Pelosi faces criticism from Rice

Pelosi faces criticism from Rice
House Minority Leader Nancy Pelosi (D-Calif.) faced criticism from Long Island's Democratic representatives. (Photo courtesy of Facebook)

With Democrats taking control of the House of Representatives in resounding fashion this month, many in the party expect Minority Leader Nancy Pelosi (D-Calif.) to return as speaker, a position she held from 2007 to 2011. But she has faced criticism from Rep. Kathleen Rice (D-Garden City).

In an opinion article for The Washington Post, Rice offered much praise for Pelosi but said that a change was needed at the top.

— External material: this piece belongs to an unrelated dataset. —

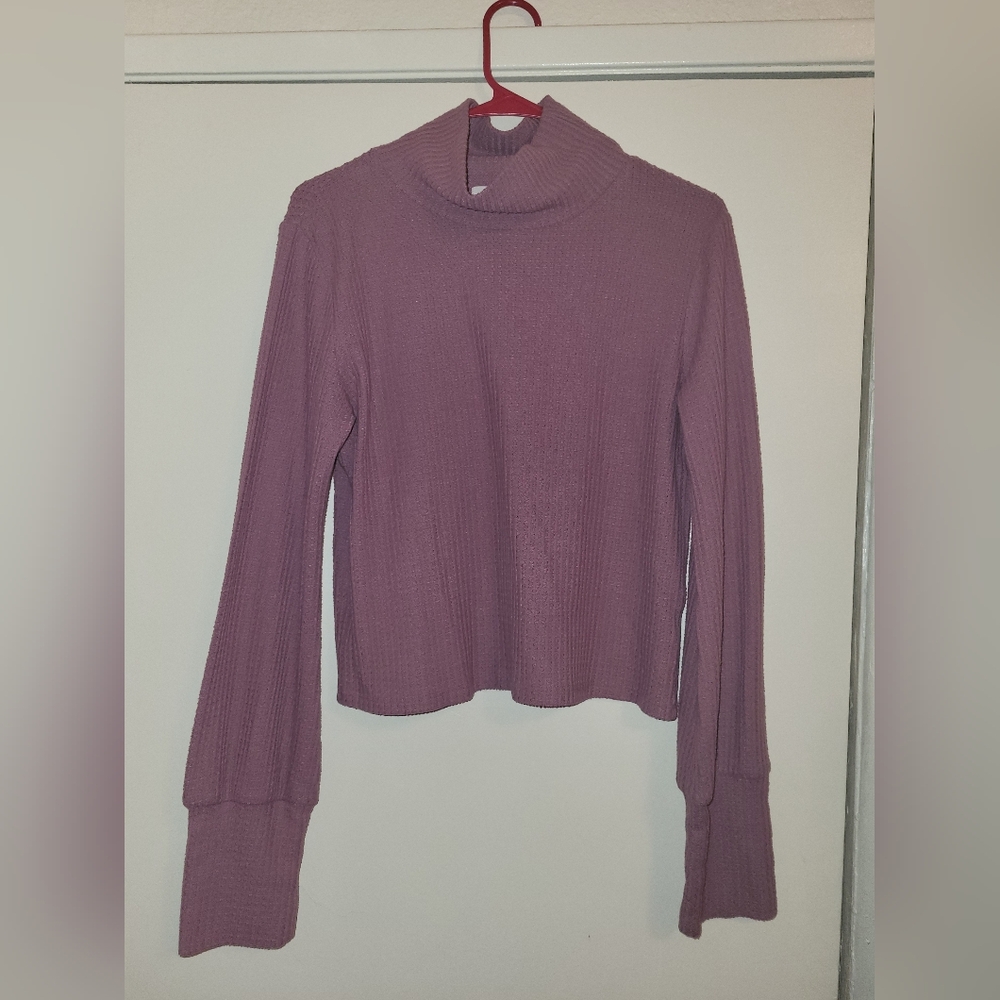 Faux knit long sleeve turtle neck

“We now have the opportunity to show voters that we will deliver on the promise of change on which we campaigned,” Rice wrote. “For many House Democrats, that means supporting new leadership for speaker of the House.”

Rice was one of those Democrats who campaigned for new leadership. In an interview last month with Blank Slate Media, Rice blamed Pelosi and other Democratic leaders for losses suffered by the party from 2010 through 2016.

“In any other walk of life, if you presided over a losing season or losing quarter, you’re gone,” Rice said. “Heavy is the head that wears the crown and we should have made a leadership change back in 2010.”

In her article, Rice said that Democrats needed to show they could deliver on a promise of change. She said Pelosi had done great things for the party and country, and that she was certainly qualified for the position.

“It is true that Pelosi is exceptionally experienced and knowledgeable,” Rice wrote. “But the idea that there is only one person capable of doing this job in a caucus of 230-plus members is absurd.”

She said the Democrats needed someone who could promote change, focus on the future and shake up the status quo. Earlier this month, Rice suggested that that person could be Tim Ryan (D-Ohio), whom she said had her “complete support.”

“Right now, Tim Ryan is the one person who’s starting those tough conversations that so many of us wanted our entire caucus to have,” Rice said in a statement.

In her article, Rice addressed the claim made by some Pelosi supporters that criticism of the minority leader was due to sexism. She said the desire within the party for new leadership comes from a need to shake up stagnant leadership, not sexism. She also addressed the claim on Twitter.

Rep. Tom Suozzi (D-Glen Cove) has so far not challenged Pelosi’s quest to be speaker. Instead, Suozzi — along with eight other members of the Problem Solvers Caucus, a mix of moderate Democrats and Republicans — signed a letter to Pelosi, asking her to promote a set of rule changes that would improve how the House operates.

“We know it is not in the best interest of our nation for the House to operate in the same hyper-partisan manner as it did in the 115th Congress, where extremists prevented common sense, bipartisan proposals on health care, immigration reform, infrastructure, and too many others, from reaching the floor,” the letter read.

The reforms would make it easier for bills with bipartisan support to be passed by implementing changes such as preventing a single lawmaker from forcing a vote on ousting the speaker. While passing bills would be streamlined, the majority party would have less control over what bills make it to the floor.

Pelosi met with members of the Problem Solvers Caucus last week and called the meeting “positive and constructive.” She said she would work with Congress to help break the gridlock in Washington.

Whether Suozzi will support Pelosi’s return to leadership remains to be seen. During the campaign, Suozzi said he was not committed to supporting Pelosi’s return as speaker. But in a recent interview with Newsday, Suozzi said the letter was “not an anti-Nancy Pelosi thing. It’s a try to fix a broken system thing.”